Task to carry out: Skip the pictures and return every entry exactly as written.

Input data:
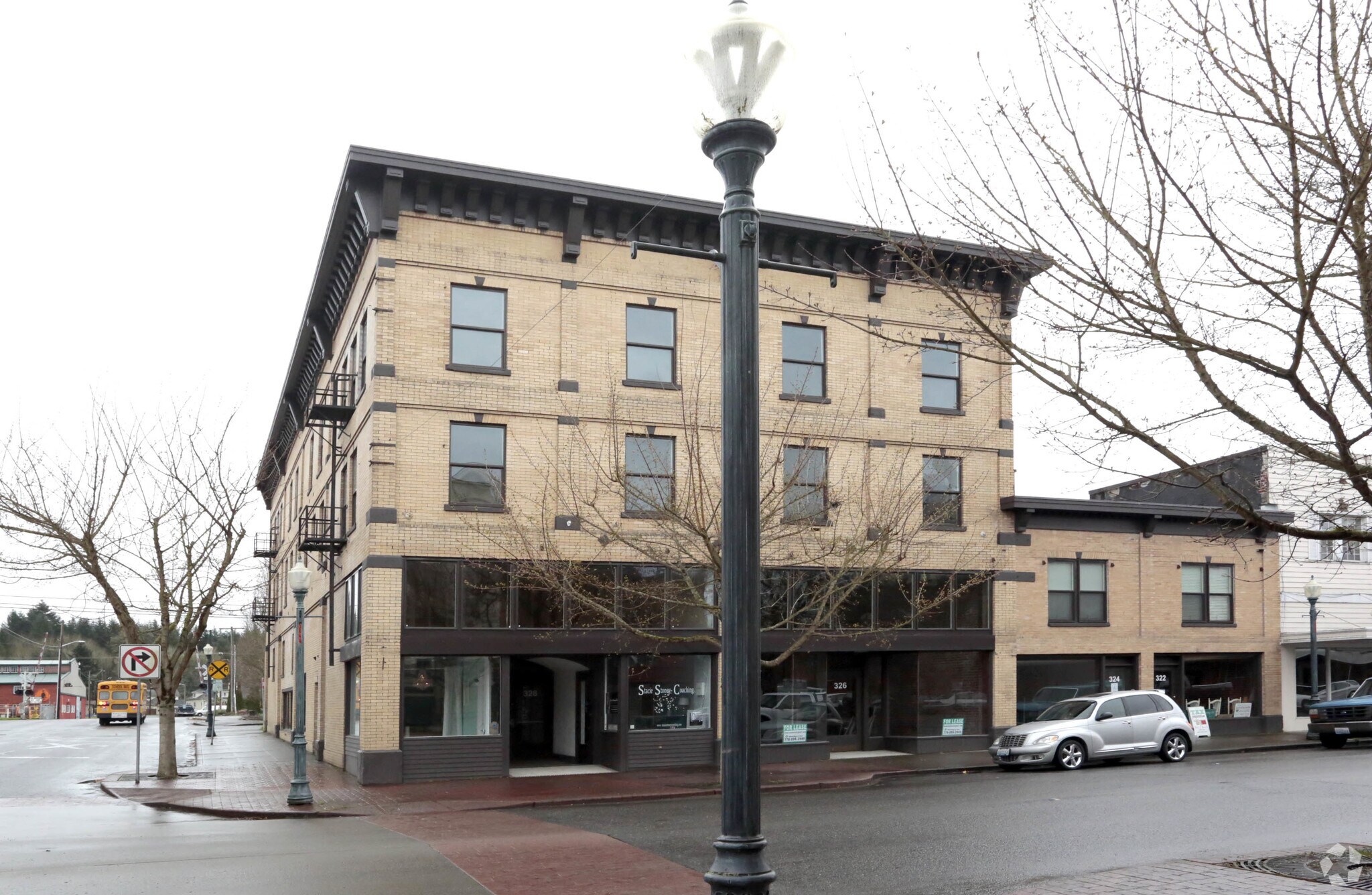 326-328 N Tower Ave, Centralia, WA for sale Primary Photo- Image 1 of 1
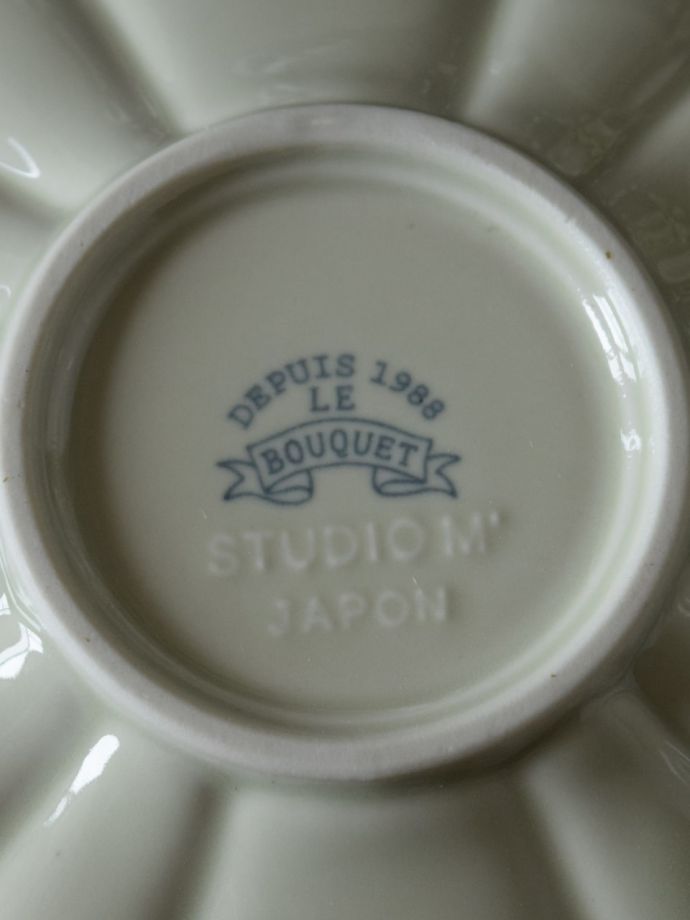 スタジオエムのバックスタンプ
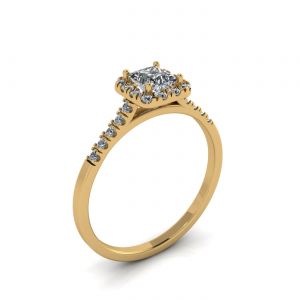 Halo Princess Cut Diamond Ring in Yellow Gold - Photo 2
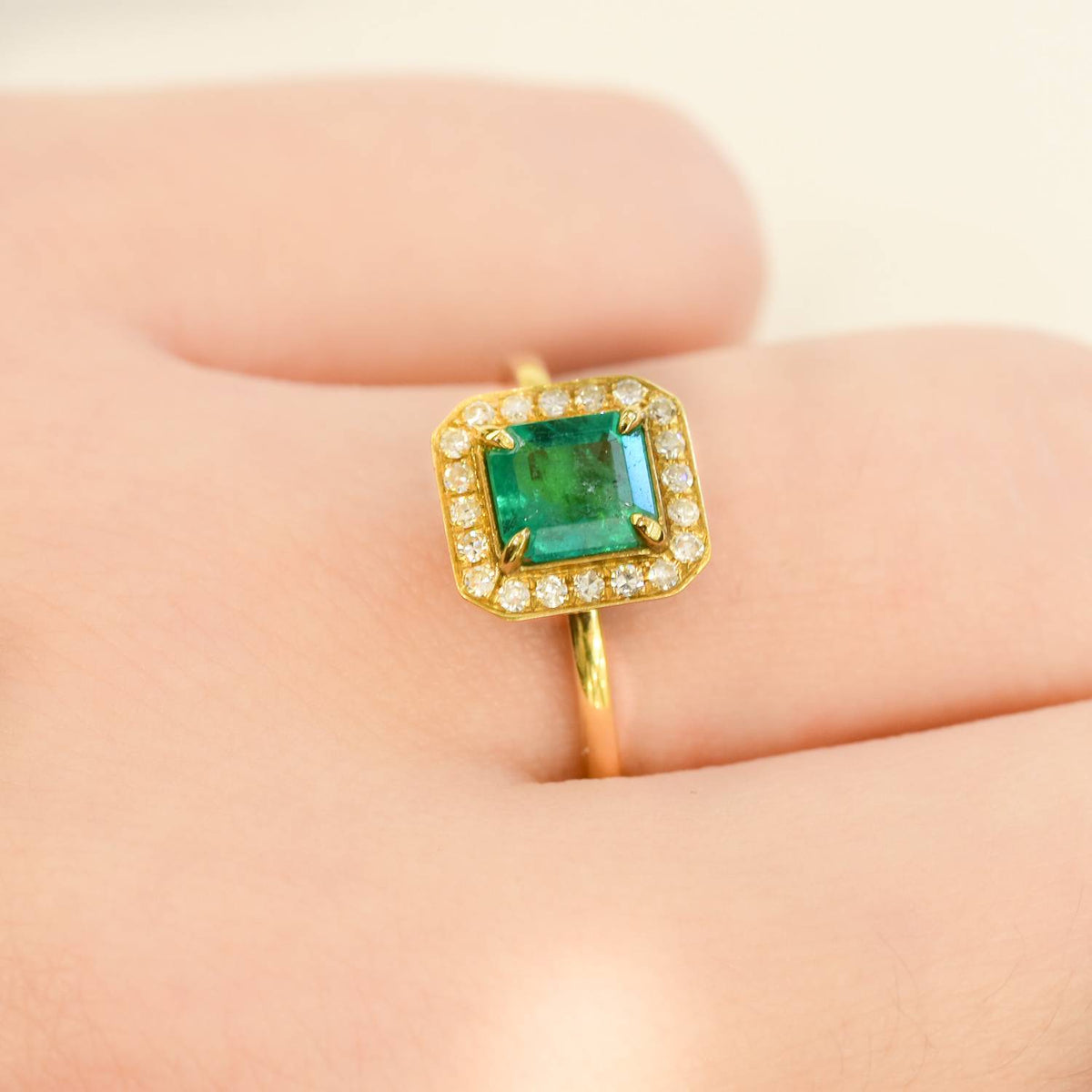 Colombian Emerald and Diamond Halo Ring 18K Gold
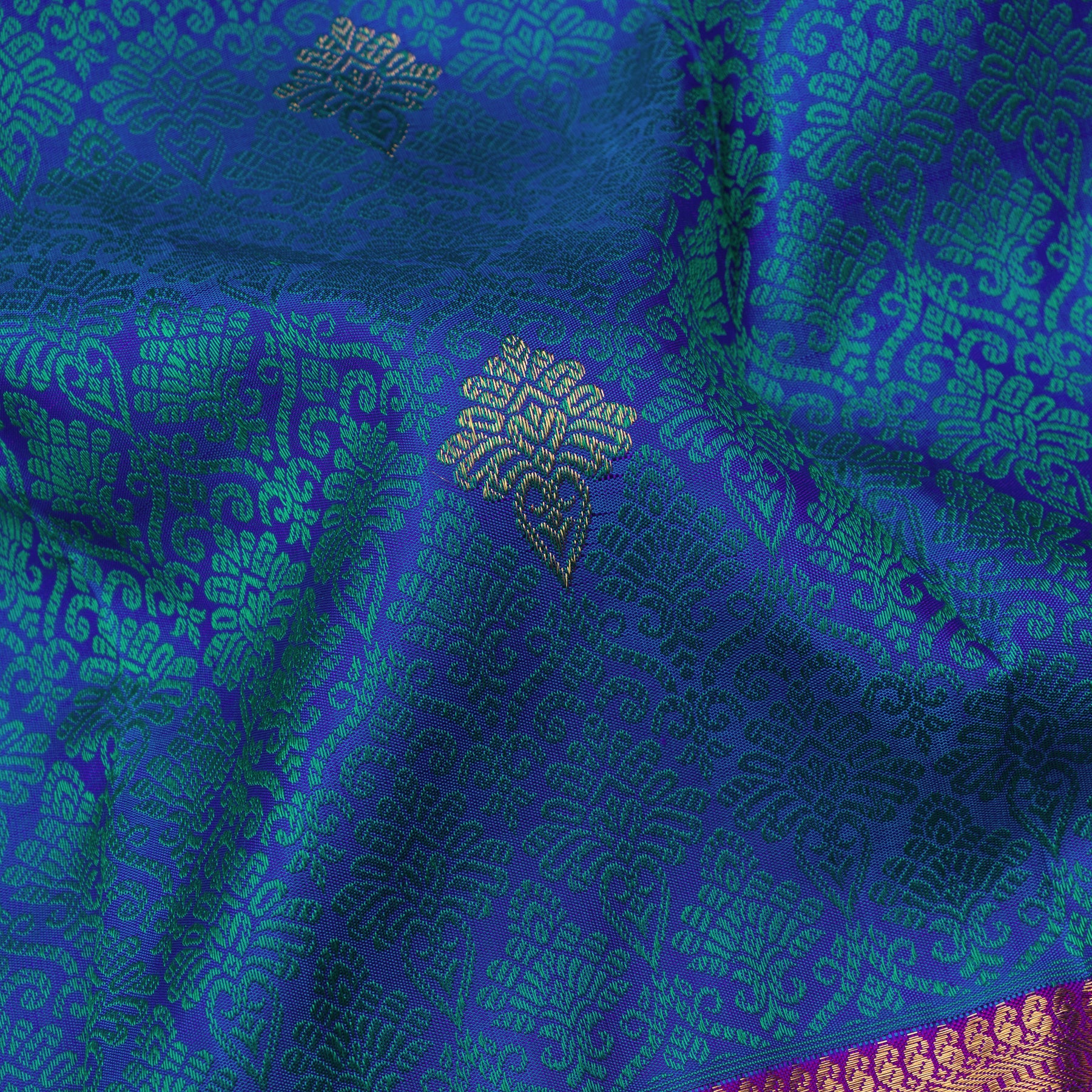 Kanakavalli Kanjivaram Silk Sari 24-599-HS001-01296 - Fabric View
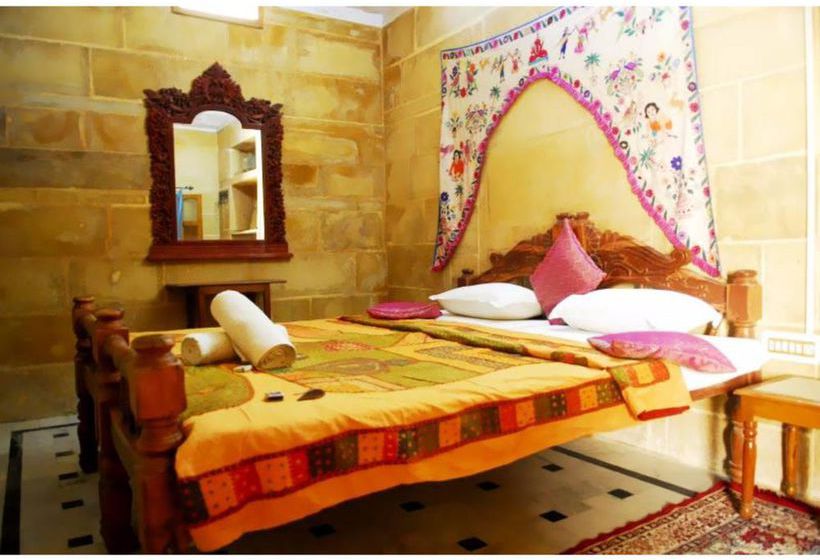 Hotel Vista Rooms At Fort Road 6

Answer section:
 326-328 N Tower Ave, Centralia, WA for sale Primary Photo- Image 1 of 1
 スタジオエムのバックスタンプ
 Halo Princess Cut Diamond Ring in Yellow Gold - Photo 2
 Colombian Emerald and Diamond Halo Ring 18K Gold
 Kanakavalli Kanjivaram Silk Sari 24-599-HS001-01296 - Fabric View
 Hotel Vista Rooms At Fort Road 6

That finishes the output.